Dr Aradhna Arbee with College of Law and Management Studies Dean of Teaching and Learning Professor Kriben Pillay.

For their contribution to excellence in Teaching and Learning, College of Law and Management academics Dr Aradhna Arbee, Dr Karen Bargate and Dr Josue Mbonigaba were received top honours for their research articles.

The prizes which include R10 000 for first place, R5 000 for second place and R3 000 for third place were awarded by the College Teaching and Learning Office in recognition of academics who are publishing or have published outstanding articles which will be featured in a Teaching and Learning compilation due to be published later this year.

“The Writing Centre: A site for discursive dialogue in management studies” was the title of Arbee’s article co-authoured with Mr Michael Samuel which won first place. The article was published in the South African Journal of Higher Education explores aspects of academic literacy development in Higher Education, in the disciplinary context of management studies. Specifically, it examines the effect of Writing Place support on Marketing students’ academic performance, focusing on a specific assessment task over a six-year period.

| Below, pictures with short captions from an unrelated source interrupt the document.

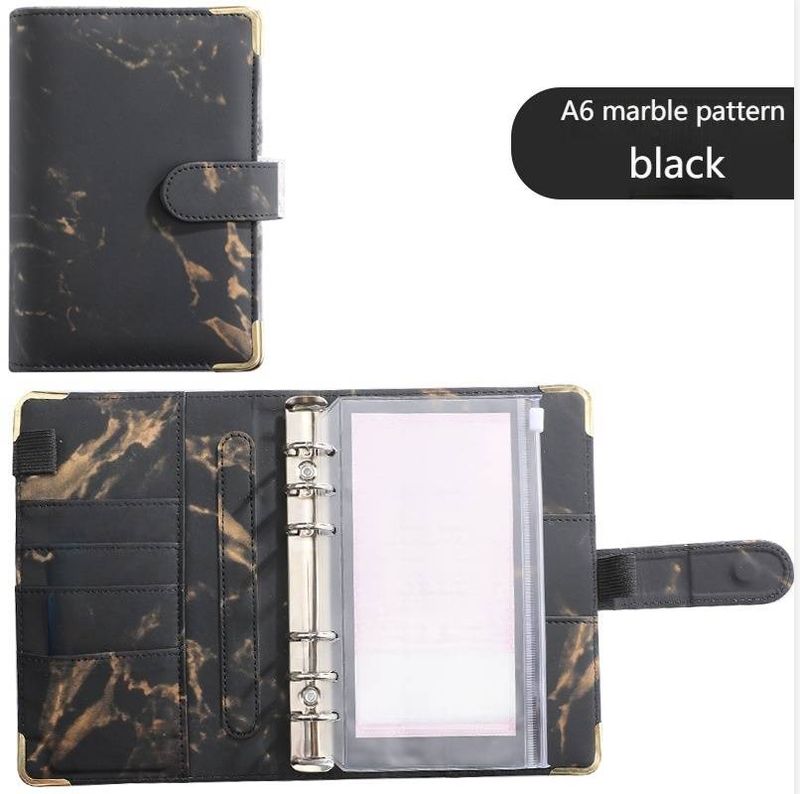 A6 Marble PU Leather Binder Notebook - Refillable Planner For Budgeting, Finance Tracking & Creative Journaling​_voghion.com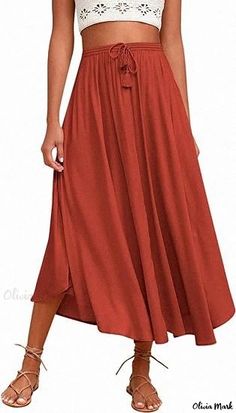 Olivia Mark - High-Waisted Elastic Waist Casual Midi Skirt, Elegant and Lightweight Long Skirt Casual Midi Skirt, Midi Skirt Casual, Skirt Elegant, Watermelon Red, Types Of Skirts, Olivia Mark, A Line Skirt, Long Skirt, A Line Skirts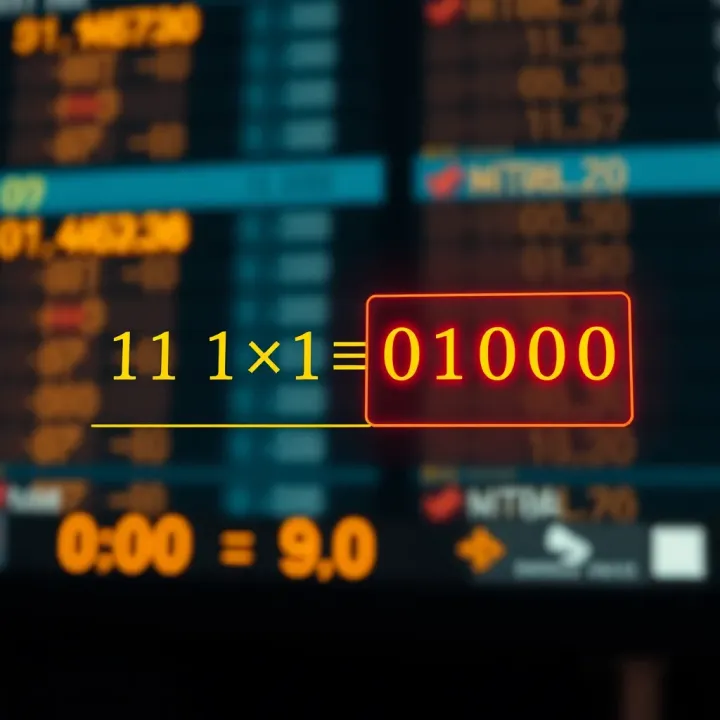Illustrated Binary Multiplication Example Visual explanation of multiplying two binary numbers with highlighted intermediate results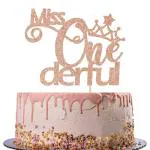 Festiko Rose Gold Glitter Miss Onederful Cake Topper Baby GirlS 1st Birthday Party Cake Decor, Happy 1 Year Old Birthday Party Supplies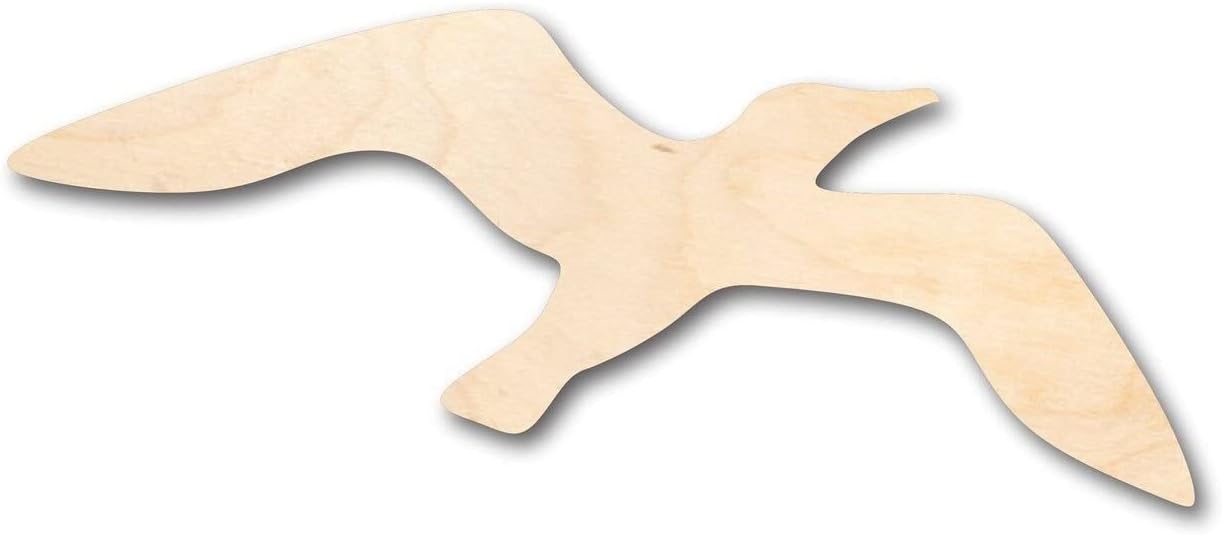 Unfinished Wood Seagull Shape Beach Bird Wildlife Craft up to 46" DIY 16" / 3/4"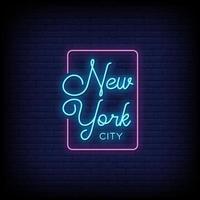 Vetor de texto de estilo de sinais de néon de Nova York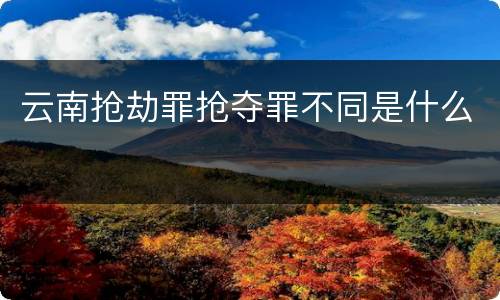 云南抢劫罪抢夺罪不同是什么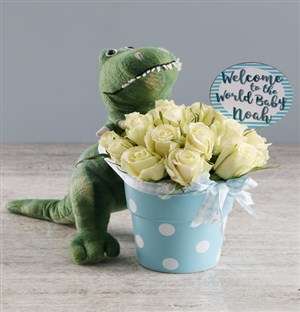 Lovely White Roses And Teddy Gift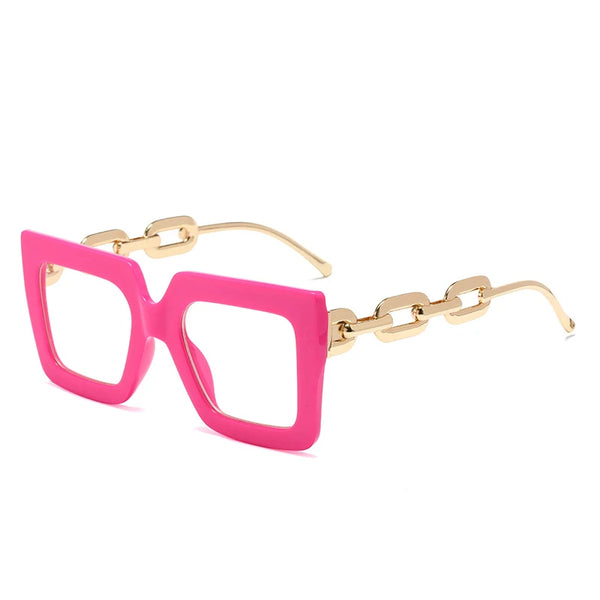 Square Glasses Chain Leg Sunglasses: Trendy Oversized Eyewear for Fashionable Women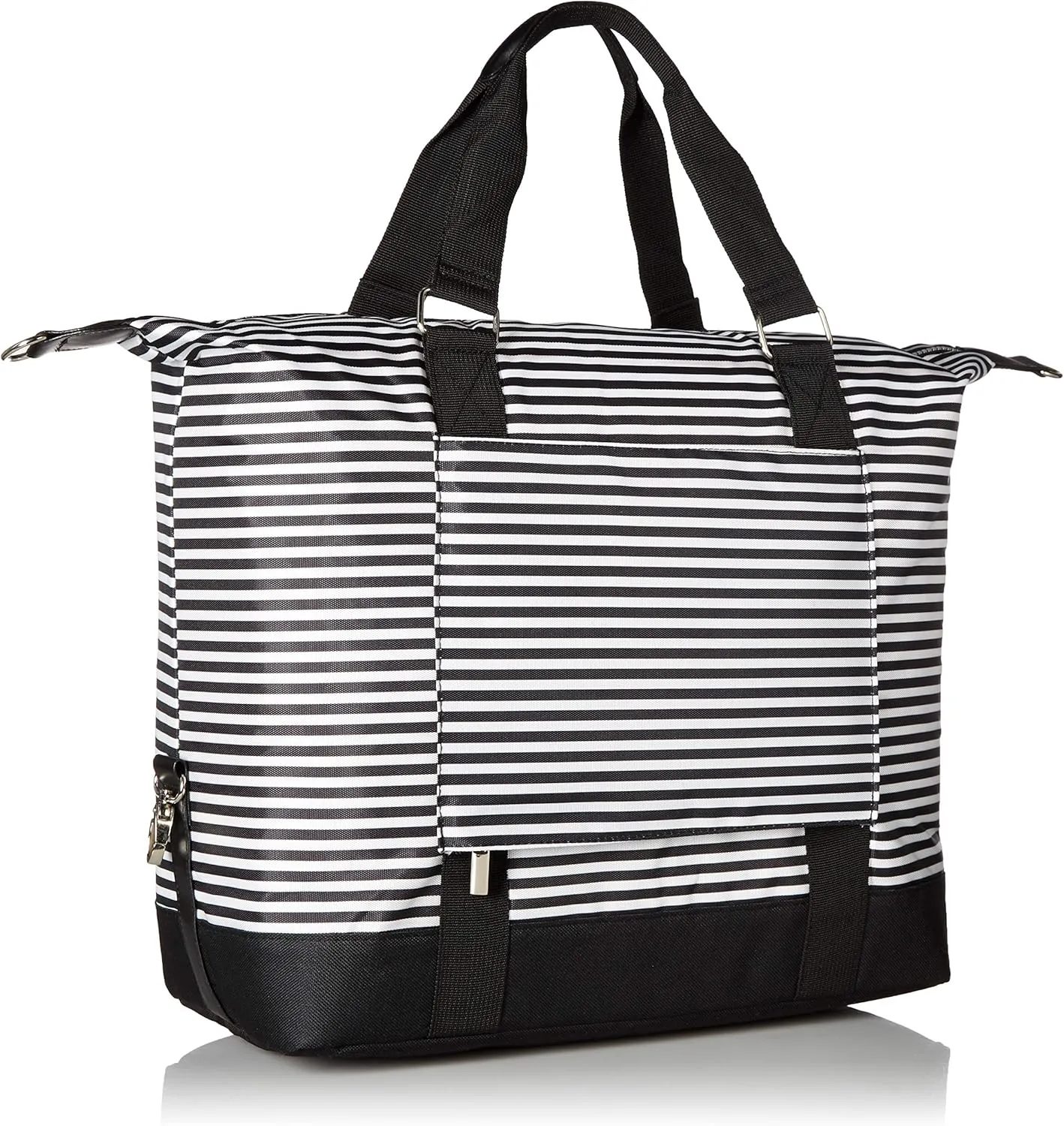 Travel Weekender Overnight Carry-on Shoulder Duffel Tote Bag (8" x 12" x 16 (Large), Black & White Stripes)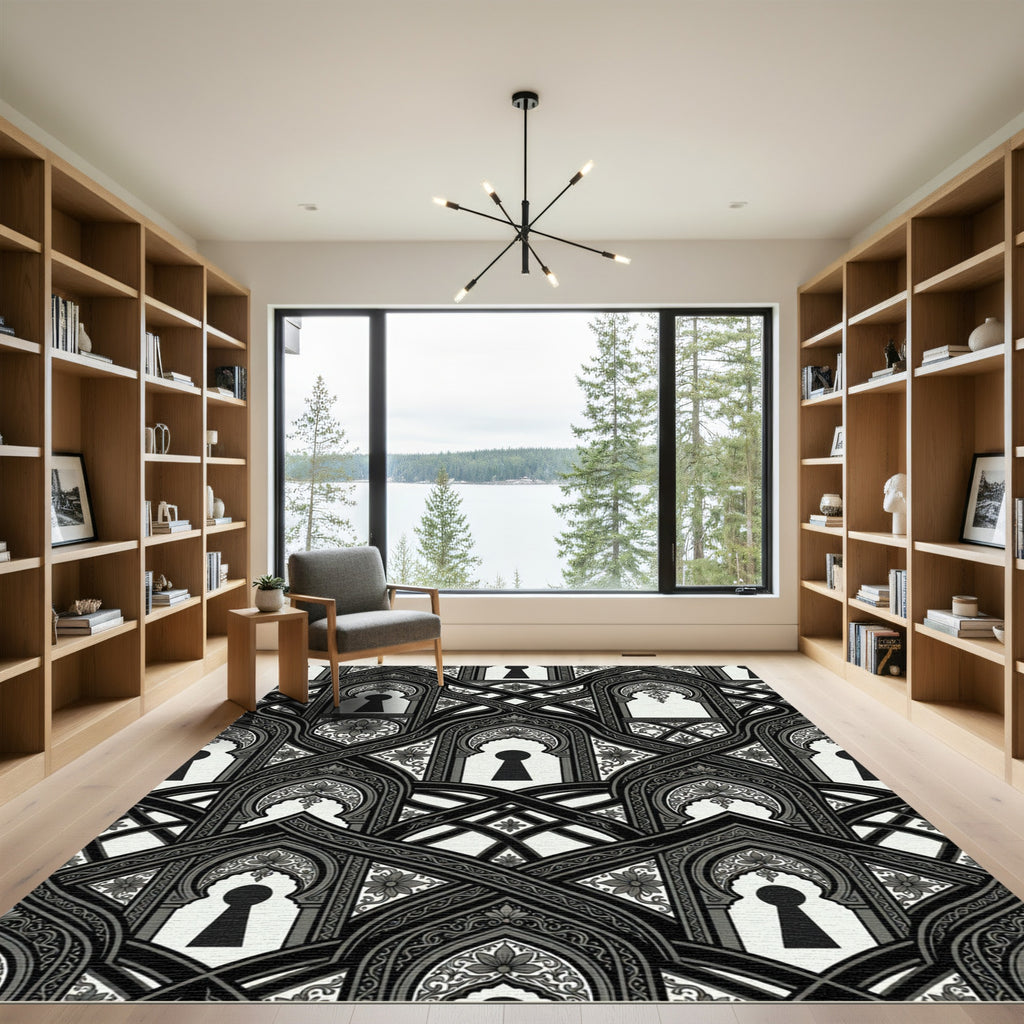 Monochromatic Arched Keyhole Floral Lattice Rug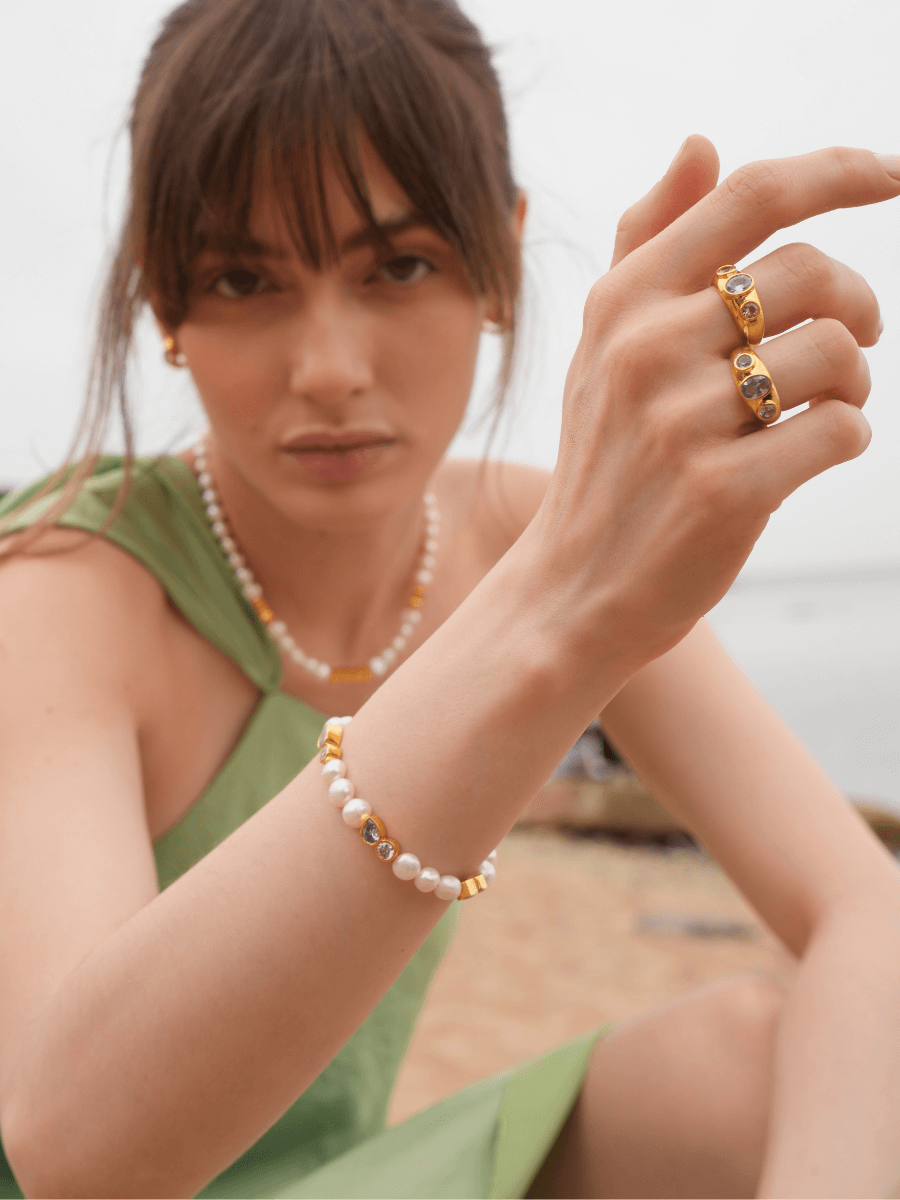 Diana Taşlı İnci Bileklik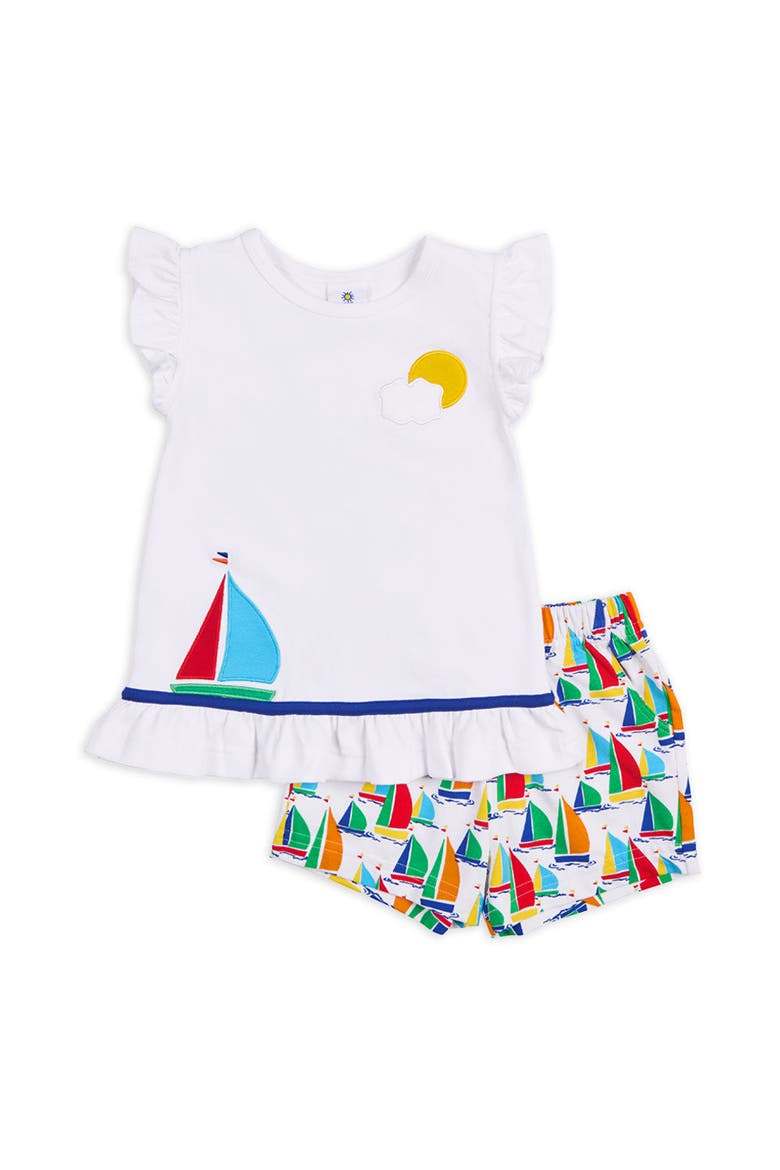 Sailboat Top with Shorts, Main, color, White / Multicolor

‘Over the period of the study, Writing Place users were found to perform significantly and consistently better than non-users. Implications of the findings, including issues around the role of collaboration between disciplinary and Writing Centre staff in developing graduates with the requisite disciplinary discursive practices, are considered,’ explained Arbee.

Arbee plans to use the prize money for a follow up study to this article that she is currently working on.

‘The study aims to explore factors underpinning students’ usage and non-usage of the Writing Place. Another project that I am currently busy with, also in the broad area of academic literacy development, looks at the use of infographics in Marketing education,’ she said.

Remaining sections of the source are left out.